У многих эта информация вызвала скептическое отношение. Самые горячие поклонники президента с нетерпением ждали опровержения его пресс - службы. Однако оно так и не появилось. Это даёт нам основание считать данный факт имевшим место. Несколько позднее, в начале августе 1992 г., Б.Н. Ельцин подписал указ №827 «О восстановлении официальных отношений с Мальтийским орденом» [3710].

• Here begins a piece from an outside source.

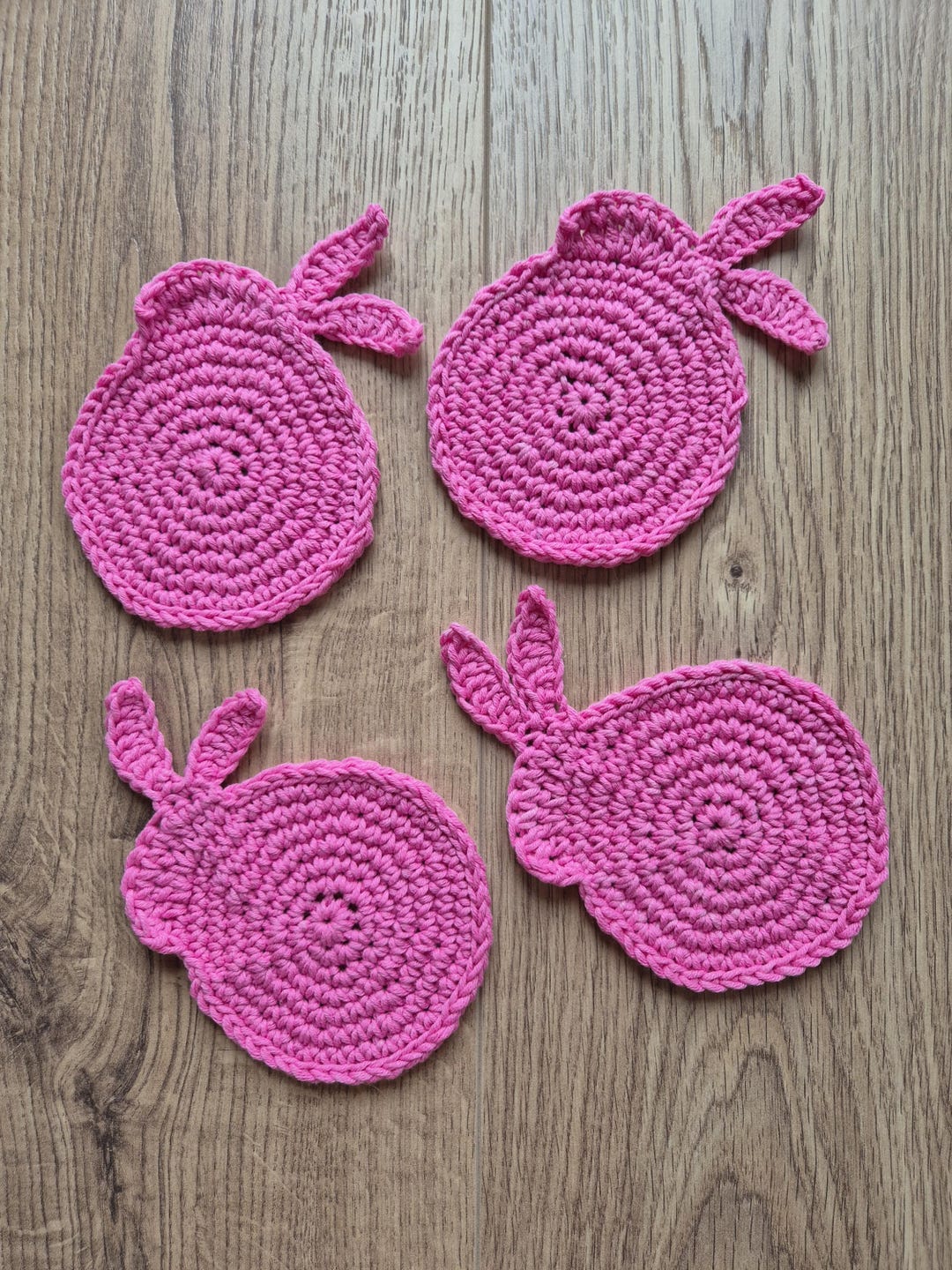 Crochet Bunny Coasters Set: Handmade Easter Spring Decor - Etsy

А в воскресенье 17 ноября появился новый десант из - за рубежа. «Вчера, - информировала об этом своих читателей «Комсомольская правда», - представители министерств финансов семи ведущих стран вновь высадились в Москве с инспекторской проверкой....на подлёте к Москве представителей семи развитых стран ждало новое заявление Б. Ельцина, согласно которому Россия берёт под свой контроль золото, алмазы, нефть, которые добываются на территории суверенной республики. Воскресное заявление российского президента вполне соответствует позиции России, которая ещё месяц назад готова была взять на себя бремя внешнего долга СССР при условии сохранения за ней всех активов бывшего Союза, но передумала» [3711].

Об этом визите представителей «семёрки» в Москву мы знаем ещё меньше, чем о предшествующем. Но, видимо, платой за отсрочку по кредитам стало обязательство не только срочно встать на путь экономической реформы, но и готовность допустить в правительство иностранных советников. Одним из них стал Джеффри Сакс, тот самый который когда - то сотрудничал в Гданьском исследовательском центре и консультировал польского премьера Бальцеровича [3712], а затем стал советником российского правительства [3713].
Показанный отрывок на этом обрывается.